Казалось бы, если всю родящую силу выпили у подъяремного крестьянина, содрали с него сто шкур, то нынче, когда расковались и вроде бы стащили с выи тесный хомут (так нас уверяют), — то, наконец, пожалейте его, всю мощь государства положите на алтарь возрождения деревни. Всё вопят и похваляются щелкунчики из Кремля: новая беда приперла, денег полно, денег девать некуда! Но, однако, ещё больший азарт насилия в сторону села, чтобы окончательно повалить мужика и закопать без промешки.

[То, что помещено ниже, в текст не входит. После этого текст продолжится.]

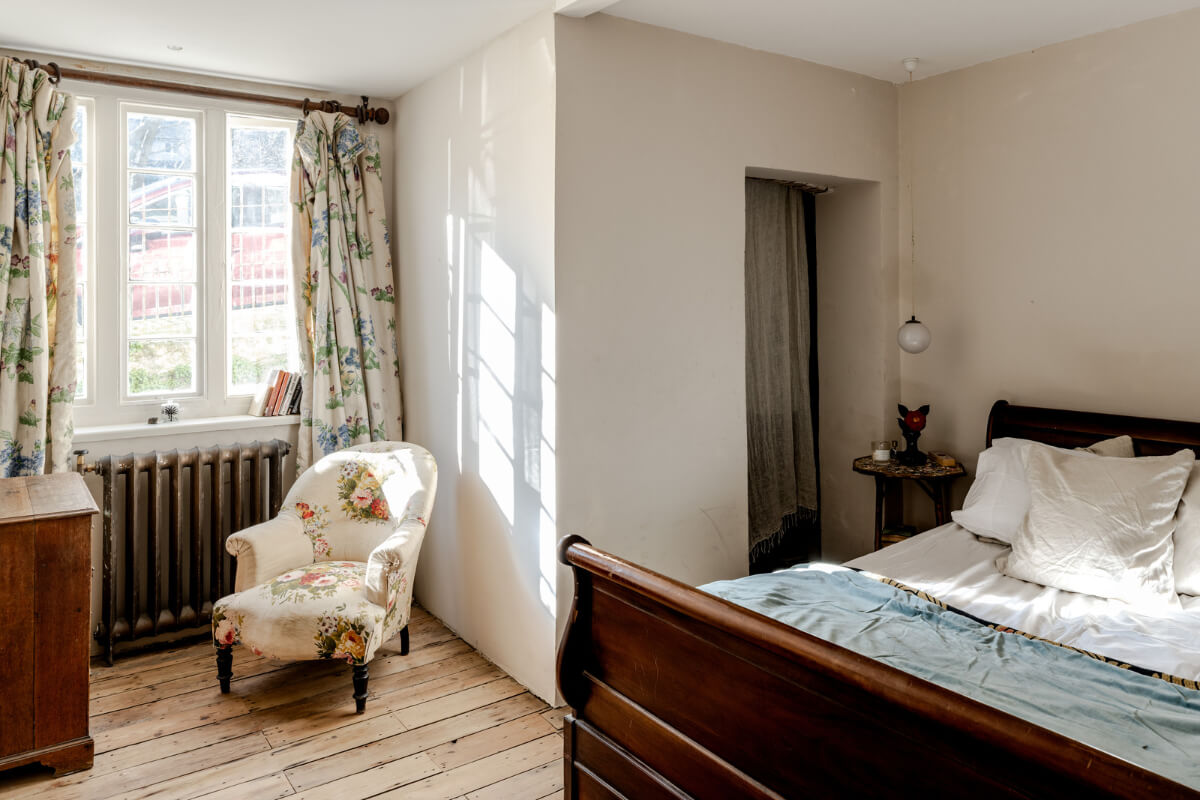 guest house bedroom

…Миллионы драм пережито, миллионы трагедий, многие из селян нашли могилку в чужой стороне. Какой надрыв силы, и вместе с тем какой нравственный подвиг посетил русскую деревню в тридцатые годы и не обессилил её, и не обесил. Тяжко было — да… За грелку молока, спрятанную на груди и утащенную с фермы голодному ребенку, давали доярке десять лет? — Да… За корзинку колосков, унесенных с поля, вчинивали пять лет тюрьмы? — Да… Но ведь пели песни, водили хороводы, справляли свадьбы, обильно плодились, хранили стыд и совесть, — ибо в ком совесть, в том и Бог. И лихую войну вытащили бессловесные, вроде бы, мужички на своих плечах, помня и раскулачивание, и голодомор тридцатых, и сибирские бараки, и безымянные кресты, — но не теша в груди мести. Податлив, но и непокорлив, вроде бы и распахнут на все пуговицы, но и сам себе на уме крестьянин, — закрытая книга для чужого погляда; это русская земля его таким выковала…

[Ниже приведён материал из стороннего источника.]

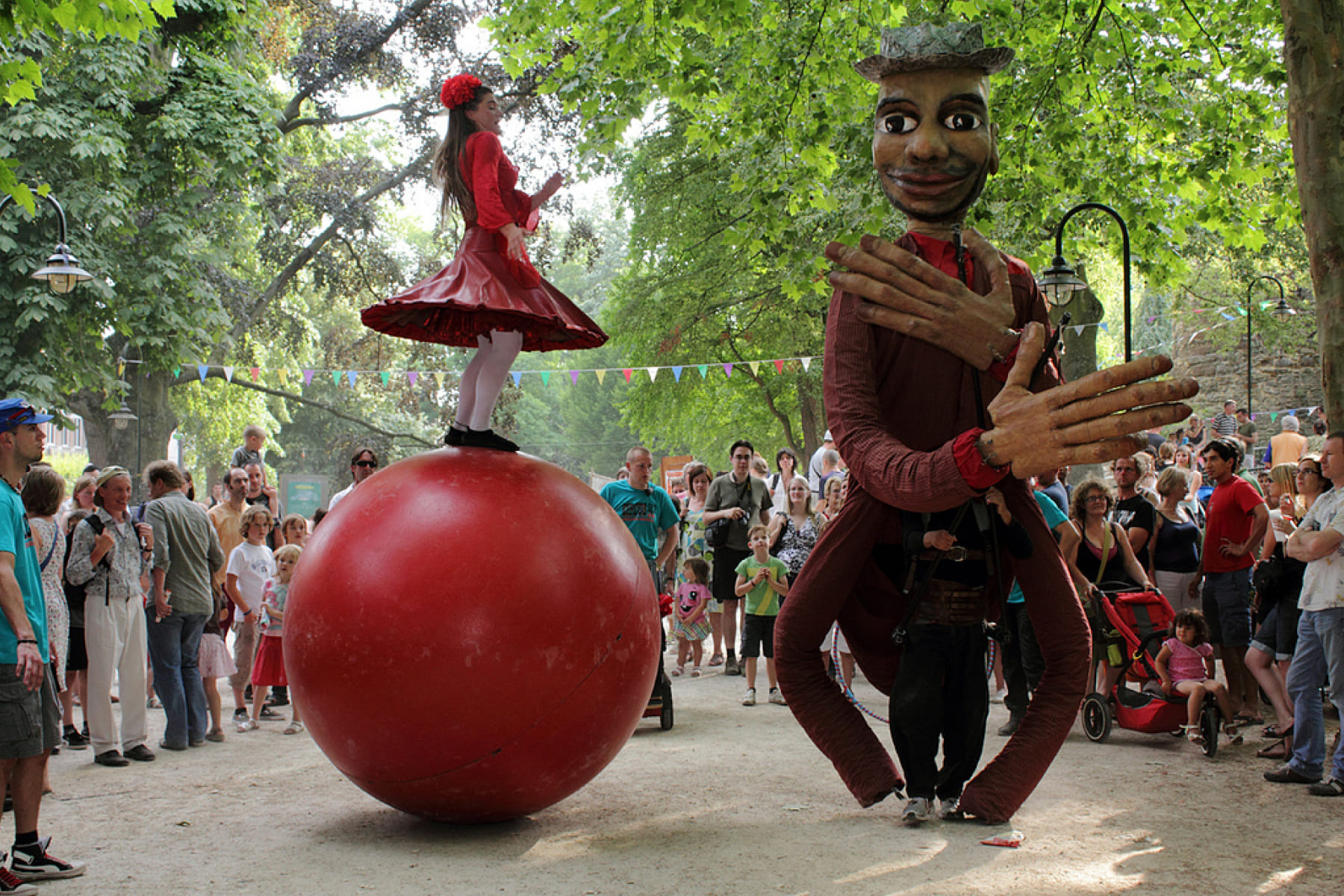 BAM CIRCUS – The Festival of Wonders at the Park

Две коротенькие истории той поры.

Жил в деревне Немятово мужик, видно не глупый и работящий, но на свою голову изобрел, а после и сработал своими руками крупорушку. Просо драл и гречиху, сечку рушил, масло постное и льняное давил. К нему народ-то и потянулся. Удобно, под боком, не надо за сто верст плестись, киселя хлебать… Ну, и обзавидовались ему, в тридцать втором раскулачили, вместе с семьей сослали на Урал, да к нему же пристегнули и трех его братьев. Братья там вскорости померли, а мужик наш с семьей перед войной сбежали из ссылки, и пеши из глубин Урала потянулись домой на Рязань. Старшие сами шли, а младшеньких: год и три, — тащили на руках. А голодно: где побирались, где подрабатывали, где и на полях чужого накопают. Однажды пришли в отчаяние: всё, выбились из сил, не дотянуться до родины. Решили оставить малых детишек на дороге; так и так помрут, а вдруг кто найдет и призрит. Малые ревут во след во весь голос: "мама-тата!"; оглянутся родители, сердце разрывается. Вернутся, заберут, поднесут сколько-то… И так до нескольких раз… Но к осени добрались скитальцы до деревни Часлово, здесь зимовали. Хозяин уехал под Москву в деревню Сапогово, там вырыл землянку и всю семью к себе перевез. Потом война пришла с немцем, и на той войне его убили…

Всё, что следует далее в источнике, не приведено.